This question already has answers here:
Closed 2 years ago.
I am planning on running a large number of queries on firebase which could grow to the order of a few hundred thousand to even millions. I've been using Promise.all()
to resolve most of my queries but as the requests grow Promise.all()
seems to just stop running at a random number.Ive looked into using Promise.map()
but Im not sure if the concurrency will solve the problem. Thank you for your help.
Below is a simplified example as you can see it appears to just time out without throwing any error:
var promises = [];
var i = 0;
for(var x = 0; x<1000000; x++){
const promise = new Promise((resolve, reject) => {
setTimeout(() => {
i += 1;
resolve(i);
}, 10);
});
promises.push(promise);
}
Promise.all(promises).then((value) => {
console.log(value)
}).catch((error) => {
console.log("Error making js node work:" + error);
})
When I need to do something like this, I usually divide the queries into batches. The batches run one-by-one, but the queries in each batch run in parallel. Here's what that might look like.

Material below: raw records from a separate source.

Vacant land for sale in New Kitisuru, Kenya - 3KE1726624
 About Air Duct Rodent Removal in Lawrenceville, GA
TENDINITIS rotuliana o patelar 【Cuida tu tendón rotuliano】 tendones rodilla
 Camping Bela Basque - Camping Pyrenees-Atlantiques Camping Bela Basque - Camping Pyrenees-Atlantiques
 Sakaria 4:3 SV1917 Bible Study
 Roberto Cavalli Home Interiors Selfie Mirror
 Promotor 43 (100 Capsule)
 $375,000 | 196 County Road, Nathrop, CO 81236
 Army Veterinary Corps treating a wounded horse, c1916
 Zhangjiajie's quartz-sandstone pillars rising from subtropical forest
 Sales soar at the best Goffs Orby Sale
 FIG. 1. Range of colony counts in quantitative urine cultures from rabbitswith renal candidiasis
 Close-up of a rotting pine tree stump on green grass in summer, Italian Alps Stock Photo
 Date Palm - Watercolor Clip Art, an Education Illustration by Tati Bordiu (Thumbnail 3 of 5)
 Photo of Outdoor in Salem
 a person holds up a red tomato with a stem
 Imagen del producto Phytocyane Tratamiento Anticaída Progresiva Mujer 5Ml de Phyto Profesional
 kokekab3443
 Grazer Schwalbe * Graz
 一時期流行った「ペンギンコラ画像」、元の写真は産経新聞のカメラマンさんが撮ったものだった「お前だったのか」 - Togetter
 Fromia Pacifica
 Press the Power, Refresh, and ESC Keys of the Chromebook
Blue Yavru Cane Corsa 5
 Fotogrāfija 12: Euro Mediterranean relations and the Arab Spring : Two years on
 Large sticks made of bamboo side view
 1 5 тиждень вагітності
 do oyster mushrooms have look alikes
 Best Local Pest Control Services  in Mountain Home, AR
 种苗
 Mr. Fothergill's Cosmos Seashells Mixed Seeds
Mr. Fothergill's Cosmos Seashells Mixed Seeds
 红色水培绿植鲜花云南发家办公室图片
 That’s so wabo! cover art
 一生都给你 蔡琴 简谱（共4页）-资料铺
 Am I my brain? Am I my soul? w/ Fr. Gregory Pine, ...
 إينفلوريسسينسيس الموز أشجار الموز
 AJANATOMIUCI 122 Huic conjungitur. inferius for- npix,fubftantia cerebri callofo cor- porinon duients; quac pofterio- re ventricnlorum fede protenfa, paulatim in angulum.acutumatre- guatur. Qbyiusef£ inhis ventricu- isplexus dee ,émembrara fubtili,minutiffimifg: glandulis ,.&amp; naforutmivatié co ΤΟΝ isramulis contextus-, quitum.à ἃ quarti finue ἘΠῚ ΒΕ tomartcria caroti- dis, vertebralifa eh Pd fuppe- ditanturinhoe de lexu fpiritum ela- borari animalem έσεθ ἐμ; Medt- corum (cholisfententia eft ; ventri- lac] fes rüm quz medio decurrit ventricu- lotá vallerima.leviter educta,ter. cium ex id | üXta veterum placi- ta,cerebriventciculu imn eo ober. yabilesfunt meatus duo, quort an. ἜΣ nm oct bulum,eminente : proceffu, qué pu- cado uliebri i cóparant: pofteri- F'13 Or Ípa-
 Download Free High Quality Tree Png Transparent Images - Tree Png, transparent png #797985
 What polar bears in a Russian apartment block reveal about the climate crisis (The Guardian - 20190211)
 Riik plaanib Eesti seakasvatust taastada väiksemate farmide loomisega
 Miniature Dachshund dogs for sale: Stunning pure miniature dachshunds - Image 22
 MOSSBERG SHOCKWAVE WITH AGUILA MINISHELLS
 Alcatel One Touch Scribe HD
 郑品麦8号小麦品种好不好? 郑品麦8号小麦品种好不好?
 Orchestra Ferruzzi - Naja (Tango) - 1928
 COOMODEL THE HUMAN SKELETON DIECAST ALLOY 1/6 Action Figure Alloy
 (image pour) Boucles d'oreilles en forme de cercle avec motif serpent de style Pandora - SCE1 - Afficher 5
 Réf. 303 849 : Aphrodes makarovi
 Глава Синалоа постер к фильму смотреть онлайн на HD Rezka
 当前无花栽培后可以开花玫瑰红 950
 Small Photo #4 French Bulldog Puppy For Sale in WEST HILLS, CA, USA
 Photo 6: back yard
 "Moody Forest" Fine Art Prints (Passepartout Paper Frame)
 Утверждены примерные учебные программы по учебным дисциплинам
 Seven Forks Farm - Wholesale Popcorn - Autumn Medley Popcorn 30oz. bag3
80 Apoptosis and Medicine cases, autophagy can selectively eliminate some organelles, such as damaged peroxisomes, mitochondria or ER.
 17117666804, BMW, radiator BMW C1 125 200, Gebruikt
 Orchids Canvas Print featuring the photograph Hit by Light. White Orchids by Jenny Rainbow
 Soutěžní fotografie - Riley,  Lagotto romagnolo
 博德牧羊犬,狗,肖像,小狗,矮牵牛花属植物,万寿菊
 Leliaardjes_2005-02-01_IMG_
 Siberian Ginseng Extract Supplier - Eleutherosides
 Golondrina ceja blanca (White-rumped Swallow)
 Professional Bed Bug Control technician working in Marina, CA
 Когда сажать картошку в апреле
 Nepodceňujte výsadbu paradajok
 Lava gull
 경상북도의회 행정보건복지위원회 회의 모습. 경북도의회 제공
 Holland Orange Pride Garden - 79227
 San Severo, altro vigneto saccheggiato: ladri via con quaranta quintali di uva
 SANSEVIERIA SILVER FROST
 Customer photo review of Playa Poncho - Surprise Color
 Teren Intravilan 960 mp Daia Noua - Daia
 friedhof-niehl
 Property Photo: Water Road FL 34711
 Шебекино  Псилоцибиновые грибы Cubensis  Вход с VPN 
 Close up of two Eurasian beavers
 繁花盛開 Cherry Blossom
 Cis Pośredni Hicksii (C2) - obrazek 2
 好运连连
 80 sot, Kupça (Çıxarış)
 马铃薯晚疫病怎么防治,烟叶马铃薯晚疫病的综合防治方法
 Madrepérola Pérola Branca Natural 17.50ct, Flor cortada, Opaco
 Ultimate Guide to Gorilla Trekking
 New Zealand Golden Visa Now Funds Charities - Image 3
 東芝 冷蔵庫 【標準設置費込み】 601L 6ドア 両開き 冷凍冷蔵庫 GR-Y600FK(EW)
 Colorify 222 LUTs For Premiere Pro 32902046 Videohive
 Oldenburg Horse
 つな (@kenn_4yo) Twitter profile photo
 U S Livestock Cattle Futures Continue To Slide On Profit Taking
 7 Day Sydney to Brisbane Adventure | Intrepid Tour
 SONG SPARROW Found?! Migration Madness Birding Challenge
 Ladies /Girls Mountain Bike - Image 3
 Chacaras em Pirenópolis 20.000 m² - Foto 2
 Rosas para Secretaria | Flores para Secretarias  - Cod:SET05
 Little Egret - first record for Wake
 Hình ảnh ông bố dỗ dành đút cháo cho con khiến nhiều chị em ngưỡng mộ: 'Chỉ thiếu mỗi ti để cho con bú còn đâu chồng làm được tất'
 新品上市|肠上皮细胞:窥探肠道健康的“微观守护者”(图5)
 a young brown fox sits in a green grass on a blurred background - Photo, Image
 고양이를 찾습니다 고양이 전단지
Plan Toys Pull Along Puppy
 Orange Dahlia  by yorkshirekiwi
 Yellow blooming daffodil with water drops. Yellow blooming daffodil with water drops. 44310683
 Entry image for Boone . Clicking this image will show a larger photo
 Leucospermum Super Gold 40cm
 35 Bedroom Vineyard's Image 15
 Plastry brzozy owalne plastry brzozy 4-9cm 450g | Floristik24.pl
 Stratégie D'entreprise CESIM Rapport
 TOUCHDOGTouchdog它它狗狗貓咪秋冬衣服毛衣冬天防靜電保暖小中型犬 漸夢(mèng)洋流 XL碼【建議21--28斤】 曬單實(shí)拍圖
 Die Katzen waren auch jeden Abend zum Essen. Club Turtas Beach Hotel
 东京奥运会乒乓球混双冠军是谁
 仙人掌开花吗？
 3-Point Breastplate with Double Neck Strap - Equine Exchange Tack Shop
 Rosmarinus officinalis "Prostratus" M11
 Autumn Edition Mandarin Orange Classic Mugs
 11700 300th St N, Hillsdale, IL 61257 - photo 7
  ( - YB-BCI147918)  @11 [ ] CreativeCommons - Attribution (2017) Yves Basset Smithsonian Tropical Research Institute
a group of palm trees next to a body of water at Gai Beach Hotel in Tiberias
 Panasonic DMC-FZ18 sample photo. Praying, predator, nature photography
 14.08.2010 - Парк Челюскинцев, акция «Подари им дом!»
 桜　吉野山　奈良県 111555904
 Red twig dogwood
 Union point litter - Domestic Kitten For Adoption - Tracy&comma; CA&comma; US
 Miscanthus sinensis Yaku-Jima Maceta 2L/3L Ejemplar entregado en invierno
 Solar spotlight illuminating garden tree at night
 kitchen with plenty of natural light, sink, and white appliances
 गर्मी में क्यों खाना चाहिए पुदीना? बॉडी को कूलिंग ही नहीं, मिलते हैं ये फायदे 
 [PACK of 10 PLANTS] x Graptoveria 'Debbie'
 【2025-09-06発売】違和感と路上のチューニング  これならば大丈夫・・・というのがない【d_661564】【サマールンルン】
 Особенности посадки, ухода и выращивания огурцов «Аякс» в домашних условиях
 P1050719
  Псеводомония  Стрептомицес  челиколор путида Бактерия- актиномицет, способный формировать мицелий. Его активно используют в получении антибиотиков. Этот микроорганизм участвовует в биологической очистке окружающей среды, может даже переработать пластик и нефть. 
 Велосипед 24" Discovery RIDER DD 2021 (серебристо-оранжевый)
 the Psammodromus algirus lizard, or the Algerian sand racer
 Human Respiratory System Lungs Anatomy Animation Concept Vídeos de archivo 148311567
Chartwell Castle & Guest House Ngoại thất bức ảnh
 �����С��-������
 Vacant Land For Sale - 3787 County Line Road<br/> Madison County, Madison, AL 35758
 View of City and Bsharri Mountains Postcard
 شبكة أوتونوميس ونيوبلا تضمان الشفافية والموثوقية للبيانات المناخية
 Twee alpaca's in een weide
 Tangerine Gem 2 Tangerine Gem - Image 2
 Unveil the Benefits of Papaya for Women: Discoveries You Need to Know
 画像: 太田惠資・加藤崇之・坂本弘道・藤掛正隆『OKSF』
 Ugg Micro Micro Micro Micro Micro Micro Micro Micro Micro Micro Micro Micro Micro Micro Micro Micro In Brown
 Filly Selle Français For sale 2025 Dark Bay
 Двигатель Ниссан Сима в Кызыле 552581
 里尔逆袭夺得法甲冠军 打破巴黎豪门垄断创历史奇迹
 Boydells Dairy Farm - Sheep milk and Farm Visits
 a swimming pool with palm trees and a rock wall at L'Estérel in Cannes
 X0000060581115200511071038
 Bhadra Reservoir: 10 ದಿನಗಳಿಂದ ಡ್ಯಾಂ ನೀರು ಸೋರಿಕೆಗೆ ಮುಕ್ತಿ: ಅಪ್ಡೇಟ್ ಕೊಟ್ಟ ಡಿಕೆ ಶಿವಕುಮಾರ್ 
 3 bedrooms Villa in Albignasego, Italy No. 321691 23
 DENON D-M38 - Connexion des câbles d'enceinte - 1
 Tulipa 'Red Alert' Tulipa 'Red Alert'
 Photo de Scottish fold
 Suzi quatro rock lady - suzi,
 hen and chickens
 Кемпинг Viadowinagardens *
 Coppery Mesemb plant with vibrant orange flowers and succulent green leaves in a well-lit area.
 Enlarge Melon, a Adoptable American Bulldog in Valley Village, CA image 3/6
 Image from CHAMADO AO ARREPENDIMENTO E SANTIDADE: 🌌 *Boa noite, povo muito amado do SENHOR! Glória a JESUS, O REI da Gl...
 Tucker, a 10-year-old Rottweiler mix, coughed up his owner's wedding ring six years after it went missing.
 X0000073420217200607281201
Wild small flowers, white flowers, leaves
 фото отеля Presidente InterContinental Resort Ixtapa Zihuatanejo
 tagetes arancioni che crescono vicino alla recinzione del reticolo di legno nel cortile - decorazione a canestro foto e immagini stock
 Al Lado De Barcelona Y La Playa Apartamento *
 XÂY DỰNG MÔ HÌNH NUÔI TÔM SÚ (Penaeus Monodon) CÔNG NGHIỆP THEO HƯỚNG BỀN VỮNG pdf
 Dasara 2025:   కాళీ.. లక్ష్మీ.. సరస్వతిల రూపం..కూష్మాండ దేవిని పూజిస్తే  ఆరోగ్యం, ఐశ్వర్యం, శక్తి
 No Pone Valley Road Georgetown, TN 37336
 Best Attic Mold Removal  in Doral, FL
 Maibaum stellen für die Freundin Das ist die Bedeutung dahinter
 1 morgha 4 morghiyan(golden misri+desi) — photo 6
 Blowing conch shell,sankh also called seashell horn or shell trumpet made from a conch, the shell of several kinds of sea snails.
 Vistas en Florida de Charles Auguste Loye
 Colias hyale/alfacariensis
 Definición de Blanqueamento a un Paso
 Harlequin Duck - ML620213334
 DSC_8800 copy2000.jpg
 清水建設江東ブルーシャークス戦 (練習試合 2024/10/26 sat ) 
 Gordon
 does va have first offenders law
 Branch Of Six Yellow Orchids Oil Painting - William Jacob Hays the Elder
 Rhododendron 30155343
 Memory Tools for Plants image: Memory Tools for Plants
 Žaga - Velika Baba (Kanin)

const _ = require('lodash');
async function runAllQueries(queries) {
const batches = _.chunk(queries, BATCH_SIZE);
const results = [];
while (batches.length) {
const batch = batches.shift();
const result = await Promises.all(batch.map(runQuery));
results.push(result)
}
return _.flatten(results);
}
What you see here is similar to a map-reduce. That said, if you're running a large number of queries in a single node (e.g., a single process or virtual machine), you might consider distributing the queries across multiple nodes. If the number of queries is very large and the order in which the queries are processed is not important, this is probably a no-brainer. You should also be sure that the downstream system (i.e., the one you're querying) can handle the load you throw at it.